Christian kommt zu spät an die eigene Premiere, Claudio zieht sich auf der Bühne einen Kreuzbandriss zu und singt Robbie Williams' «Come Undone» mit gequältem Gesichtsausdruck im Sitzen. Der mit Starallüren behaftete Lukas schiebt sich immer wieder ganz unverschämt in den Vordergrund.
Matthias leidet stark unter seinem dreiwöchigem Single-Dasein. Er ist der Frauenversteher, der so krampfhaft viel vom schönen Geschlecht verstehen will, dass ihm die Frauen in Scharen davonlaufen.
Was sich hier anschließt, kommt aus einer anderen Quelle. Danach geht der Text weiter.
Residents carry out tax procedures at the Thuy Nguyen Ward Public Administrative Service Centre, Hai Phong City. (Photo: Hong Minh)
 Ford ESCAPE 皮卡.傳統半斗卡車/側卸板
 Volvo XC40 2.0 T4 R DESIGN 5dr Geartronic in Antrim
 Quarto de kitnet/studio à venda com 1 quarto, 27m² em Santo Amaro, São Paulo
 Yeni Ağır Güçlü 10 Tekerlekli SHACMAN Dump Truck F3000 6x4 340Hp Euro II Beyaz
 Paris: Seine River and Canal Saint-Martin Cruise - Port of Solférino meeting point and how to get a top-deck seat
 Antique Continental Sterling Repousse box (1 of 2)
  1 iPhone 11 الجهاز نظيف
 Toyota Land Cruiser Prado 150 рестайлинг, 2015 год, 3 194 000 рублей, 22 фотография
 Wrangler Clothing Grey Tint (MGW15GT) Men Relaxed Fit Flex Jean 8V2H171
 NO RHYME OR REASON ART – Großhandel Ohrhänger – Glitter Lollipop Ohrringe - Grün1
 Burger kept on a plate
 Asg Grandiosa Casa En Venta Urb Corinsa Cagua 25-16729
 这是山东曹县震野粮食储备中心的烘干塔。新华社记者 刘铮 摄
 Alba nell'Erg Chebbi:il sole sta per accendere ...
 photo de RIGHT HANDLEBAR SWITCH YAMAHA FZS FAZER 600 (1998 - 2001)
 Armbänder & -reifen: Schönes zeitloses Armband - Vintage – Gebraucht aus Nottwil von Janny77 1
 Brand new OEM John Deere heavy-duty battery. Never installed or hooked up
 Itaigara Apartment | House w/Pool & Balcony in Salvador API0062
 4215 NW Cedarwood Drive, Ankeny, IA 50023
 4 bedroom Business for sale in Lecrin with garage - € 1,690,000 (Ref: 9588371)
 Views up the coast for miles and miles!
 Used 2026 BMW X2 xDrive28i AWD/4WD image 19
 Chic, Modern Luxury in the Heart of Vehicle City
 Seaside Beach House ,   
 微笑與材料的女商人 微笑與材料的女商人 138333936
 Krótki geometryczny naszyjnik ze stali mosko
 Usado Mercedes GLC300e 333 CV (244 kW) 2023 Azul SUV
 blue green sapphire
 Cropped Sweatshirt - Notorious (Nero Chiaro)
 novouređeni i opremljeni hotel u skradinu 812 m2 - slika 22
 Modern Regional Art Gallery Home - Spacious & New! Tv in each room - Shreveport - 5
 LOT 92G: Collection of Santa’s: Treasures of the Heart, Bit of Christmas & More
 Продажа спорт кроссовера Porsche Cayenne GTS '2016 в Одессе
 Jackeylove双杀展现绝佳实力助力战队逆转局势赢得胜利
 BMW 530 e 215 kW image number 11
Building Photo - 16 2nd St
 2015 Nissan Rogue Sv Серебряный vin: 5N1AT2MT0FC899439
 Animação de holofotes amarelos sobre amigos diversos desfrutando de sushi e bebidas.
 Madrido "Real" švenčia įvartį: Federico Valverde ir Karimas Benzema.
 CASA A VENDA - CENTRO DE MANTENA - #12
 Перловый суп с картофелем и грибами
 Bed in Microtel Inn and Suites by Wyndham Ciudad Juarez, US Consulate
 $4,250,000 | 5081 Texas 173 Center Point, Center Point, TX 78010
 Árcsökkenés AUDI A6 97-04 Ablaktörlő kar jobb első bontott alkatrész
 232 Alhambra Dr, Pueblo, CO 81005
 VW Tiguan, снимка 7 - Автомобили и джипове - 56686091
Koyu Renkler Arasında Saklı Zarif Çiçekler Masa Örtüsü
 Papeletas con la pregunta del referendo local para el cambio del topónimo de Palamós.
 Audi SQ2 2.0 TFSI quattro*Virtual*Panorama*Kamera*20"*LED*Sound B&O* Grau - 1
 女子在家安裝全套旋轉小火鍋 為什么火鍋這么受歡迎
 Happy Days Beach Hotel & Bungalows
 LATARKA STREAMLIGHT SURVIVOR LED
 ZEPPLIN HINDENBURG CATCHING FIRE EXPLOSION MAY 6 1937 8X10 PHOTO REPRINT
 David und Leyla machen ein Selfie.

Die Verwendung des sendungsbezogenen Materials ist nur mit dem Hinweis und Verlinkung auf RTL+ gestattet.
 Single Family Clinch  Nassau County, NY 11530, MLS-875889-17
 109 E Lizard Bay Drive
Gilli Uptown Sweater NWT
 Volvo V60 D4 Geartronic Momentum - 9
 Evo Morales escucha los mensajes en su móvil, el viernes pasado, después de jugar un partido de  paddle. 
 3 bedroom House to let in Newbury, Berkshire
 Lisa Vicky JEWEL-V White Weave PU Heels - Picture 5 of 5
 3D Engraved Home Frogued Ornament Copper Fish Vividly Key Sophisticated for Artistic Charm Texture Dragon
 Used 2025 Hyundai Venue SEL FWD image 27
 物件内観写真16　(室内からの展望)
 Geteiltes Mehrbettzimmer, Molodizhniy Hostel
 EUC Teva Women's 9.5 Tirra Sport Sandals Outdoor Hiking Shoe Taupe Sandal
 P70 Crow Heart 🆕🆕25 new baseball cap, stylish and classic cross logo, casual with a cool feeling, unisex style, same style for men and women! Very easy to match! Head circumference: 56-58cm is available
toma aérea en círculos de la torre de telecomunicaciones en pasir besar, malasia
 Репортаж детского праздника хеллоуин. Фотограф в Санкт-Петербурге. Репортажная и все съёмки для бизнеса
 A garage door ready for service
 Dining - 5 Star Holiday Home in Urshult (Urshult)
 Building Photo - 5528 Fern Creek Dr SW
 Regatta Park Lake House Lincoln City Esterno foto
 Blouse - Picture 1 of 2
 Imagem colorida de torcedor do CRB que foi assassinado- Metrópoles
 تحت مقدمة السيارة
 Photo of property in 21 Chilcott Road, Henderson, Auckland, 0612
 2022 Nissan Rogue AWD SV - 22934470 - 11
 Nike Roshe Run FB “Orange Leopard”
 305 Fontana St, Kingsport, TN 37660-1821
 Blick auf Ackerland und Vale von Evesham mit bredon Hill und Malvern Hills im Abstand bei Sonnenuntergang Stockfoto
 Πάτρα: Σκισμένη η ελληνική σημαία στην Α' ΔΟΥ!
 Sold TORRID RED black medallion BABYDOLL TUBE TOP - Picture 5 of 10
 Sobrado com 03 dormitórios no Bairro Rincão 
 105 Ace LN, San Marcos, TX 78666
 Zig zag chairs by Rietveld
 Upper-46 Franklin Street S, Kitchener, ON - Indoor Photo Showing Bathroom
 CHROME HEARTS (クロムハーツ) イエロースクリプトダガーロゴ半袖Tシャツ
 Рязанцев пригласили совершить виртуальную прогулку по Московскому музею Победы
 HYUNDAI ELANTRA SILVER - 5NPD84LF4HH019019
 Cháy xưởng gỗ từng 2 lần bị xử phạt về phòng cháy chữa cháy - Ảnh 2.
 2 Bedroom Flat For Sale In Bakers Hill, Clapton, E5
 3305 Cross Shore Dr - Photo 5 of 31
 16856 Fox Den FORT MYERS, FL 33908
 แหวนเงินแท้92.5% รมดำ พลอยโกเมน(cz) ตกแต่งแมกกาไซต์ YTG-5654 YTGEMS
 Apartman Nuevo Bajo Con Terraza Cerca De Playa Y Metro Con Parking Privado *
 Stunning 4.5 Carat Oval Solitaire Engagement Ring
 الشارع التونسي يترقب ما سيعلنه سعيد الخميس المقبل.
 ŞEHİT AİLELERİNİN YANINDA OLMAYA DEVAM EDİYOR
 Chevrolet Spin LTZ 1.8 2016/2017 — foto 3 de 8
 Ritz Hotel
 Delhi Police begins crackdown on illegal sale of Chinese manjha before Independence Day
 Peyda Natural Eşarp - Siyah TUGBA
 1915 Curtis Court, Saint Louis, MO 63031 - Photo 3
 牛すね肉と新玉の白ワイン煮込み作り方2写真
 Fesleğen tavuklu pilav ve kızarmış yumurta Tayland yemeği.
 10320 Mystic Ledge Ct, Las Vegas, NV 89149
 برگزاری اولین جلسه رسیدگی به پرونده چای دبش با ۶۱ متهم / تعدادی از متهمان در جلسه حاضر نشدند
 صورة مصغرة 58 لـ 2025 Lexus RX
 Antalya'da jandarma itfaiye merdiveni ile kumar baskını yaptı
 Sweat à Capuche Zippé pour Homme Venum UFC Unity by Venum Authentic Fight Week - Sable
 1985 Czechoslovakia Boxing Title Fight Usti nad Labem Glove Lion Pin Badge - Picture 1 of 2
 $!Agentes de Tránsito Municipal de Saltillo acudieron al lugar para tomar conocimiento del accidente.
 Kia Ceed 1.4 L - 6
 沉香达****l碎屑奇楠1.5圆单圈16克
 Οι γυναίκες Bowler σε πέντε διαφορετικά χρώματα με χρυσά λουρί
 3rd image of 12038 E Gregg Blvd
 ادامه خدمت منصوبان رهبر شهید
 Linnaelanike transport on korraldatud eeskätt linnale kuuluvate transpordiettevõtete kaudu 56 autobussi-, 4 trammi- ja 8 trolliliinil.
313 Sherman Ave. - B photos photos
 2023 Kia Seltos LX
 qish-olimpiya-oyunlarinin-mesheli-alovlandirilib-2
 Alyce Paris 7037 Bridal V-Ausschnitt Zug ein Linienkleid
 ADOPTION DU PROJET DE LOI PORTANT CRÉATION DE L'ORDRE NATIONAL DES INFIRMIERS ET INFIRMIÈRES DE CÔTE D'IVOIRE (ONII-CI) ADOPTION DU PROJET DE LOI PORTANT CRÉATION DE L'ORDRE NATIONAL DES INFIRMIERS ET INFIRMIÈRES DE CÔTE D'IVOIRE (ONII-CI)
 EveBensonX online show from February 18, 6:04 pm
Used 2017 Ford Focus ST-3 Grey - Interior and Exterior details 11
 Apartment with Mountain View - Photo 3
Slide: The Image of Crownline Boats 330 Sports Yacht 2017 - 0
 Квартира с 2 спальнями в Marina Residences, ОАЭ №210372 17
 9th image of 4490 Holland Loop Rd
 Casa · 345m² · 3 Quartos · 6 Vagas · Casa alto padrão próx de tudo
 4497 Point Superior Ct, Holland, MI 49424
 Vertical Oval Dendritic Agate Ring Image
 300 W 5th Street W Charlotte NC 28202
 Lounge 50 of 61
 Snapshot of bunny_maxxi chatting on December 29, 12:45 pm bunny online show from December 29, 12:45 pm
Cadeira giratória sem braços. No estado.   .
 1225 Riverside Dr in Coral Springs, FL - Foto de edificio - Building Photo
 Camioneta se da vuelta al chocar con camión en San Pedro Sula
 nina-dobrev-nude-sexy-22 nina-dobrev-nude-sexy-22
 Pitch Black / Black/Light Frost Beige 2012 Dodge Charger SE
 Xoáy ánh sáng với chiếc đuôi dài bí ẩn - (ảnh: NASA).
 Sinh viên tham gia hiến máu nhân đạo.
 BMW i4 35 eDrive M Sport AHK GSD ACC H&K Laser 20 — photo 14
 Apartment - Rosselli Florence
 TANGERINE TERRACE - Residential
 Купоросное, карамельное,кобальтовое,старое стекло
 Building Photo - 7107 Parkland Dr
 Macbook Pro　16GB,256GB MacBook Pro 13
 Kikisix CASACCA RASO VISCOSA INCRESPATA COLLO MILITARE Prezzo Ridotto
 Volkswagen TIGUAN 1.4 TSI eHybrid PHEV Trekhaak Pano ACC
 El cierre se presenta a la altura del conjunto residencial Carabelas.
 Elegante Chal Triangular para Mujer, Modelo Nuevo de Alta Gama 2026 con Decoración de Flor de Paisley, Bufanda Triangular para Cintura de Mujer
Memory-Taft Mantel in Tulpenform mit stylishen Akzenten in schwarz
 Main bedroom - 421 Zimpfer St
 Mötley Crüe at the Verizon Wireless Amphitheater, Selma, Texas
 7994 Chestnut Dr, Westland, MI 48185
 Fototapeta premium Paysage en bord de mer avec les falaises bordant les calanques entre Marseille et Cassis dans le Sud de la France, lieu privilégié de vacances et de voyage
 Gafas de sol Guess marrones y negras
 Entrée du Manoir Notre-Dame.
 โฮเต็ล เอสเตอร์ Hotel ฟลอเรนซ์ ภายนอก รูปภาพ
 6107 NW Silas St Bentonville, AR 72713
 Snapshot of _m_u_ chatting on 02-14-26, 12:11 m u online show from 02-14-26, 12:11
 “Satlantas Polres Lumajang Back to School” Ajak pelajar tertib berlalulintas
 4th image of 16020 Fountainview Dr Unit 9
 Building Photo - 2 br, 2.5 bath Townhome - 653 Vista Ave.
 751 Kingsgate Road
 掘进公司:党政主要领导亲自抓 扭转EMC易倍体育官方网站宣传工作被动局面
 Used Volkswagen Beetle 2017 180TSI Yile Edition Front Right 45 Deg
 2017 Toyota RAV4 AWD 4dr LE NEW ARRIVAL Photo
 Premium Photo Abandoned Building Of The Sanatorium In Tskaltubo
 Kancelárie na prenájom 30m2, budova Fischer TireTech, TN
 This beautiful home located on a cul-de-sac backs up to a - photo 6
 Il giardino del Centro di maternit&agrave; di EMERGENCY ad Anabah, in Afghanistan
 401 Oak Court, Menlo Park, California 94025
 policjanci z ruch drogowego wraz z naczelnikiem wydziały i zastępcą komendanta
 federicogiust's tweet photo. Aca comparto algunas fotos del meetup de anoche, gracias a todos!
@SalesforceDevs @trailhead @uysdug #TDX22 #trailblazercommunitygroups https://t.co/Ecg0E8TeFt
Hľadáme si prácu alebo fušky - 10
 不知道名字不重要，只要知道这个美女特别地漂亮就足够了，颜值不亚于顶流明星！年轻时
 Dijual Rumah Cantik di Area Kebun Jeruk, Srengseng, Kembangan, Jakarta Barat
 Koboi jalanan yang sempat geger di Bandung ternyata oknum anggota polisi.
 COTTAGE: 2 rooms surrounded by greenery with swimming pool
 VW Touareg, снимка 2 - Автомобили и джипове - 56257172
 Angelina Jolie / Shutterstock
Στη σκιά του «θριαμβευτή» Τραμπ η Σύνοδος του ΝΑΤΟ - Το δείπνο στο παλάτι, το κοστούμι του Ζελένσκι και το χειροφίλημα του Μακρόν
Und während sich Viktor im 15-Minuten-Takt über die herrschenden Zustände empört und darauf hinweist, dass so eine schäbige Darbietung in Budapest undenkbar wäre, klopft Tom der Zyniker und Schürzenjäger die bösen Sprüche; auch glatzköpfige Zuschauer, die nach der Pause nicht rechtzeitig auf ihren Plätzen sitzen, werden nicht verschont:
«Die Premiere» ist die Frucht von knochenharter Arbeit. Im August begann Bliss mit den musikalischen Proben und für den fünfwöchigen Schlussspurt haben die sechs Sänger zusammen mit der Regisseurin Bettina Dieterle, der Choreographin Evelyn Bähler und dem Vocal Coach Andrea Figallo ihr Programm durchkomponiert, stimmig und rund gemacht.
Trotz der stimmlichen und choreographischen Genauigkeit, mit der «Die Premiere» glänzt, stirbt die Leidenschaft nicht ab. Bliss hat sich das Untergraben ihrer Professionalität zum Programm gemacht; die komödiantischen Momente brechen immer wieder mit der Ernsthaftigkeit und Konzentration, welche die Stücke von den Sängern verlangen. Damit wird die ganze Arbeit, die hinter dem neusten Bliss-Spektakel steckt, nicht schwer verdaulich zelebriert, sondern kommt leichtfüssig, selbstironisch und unglaublich charmant daher.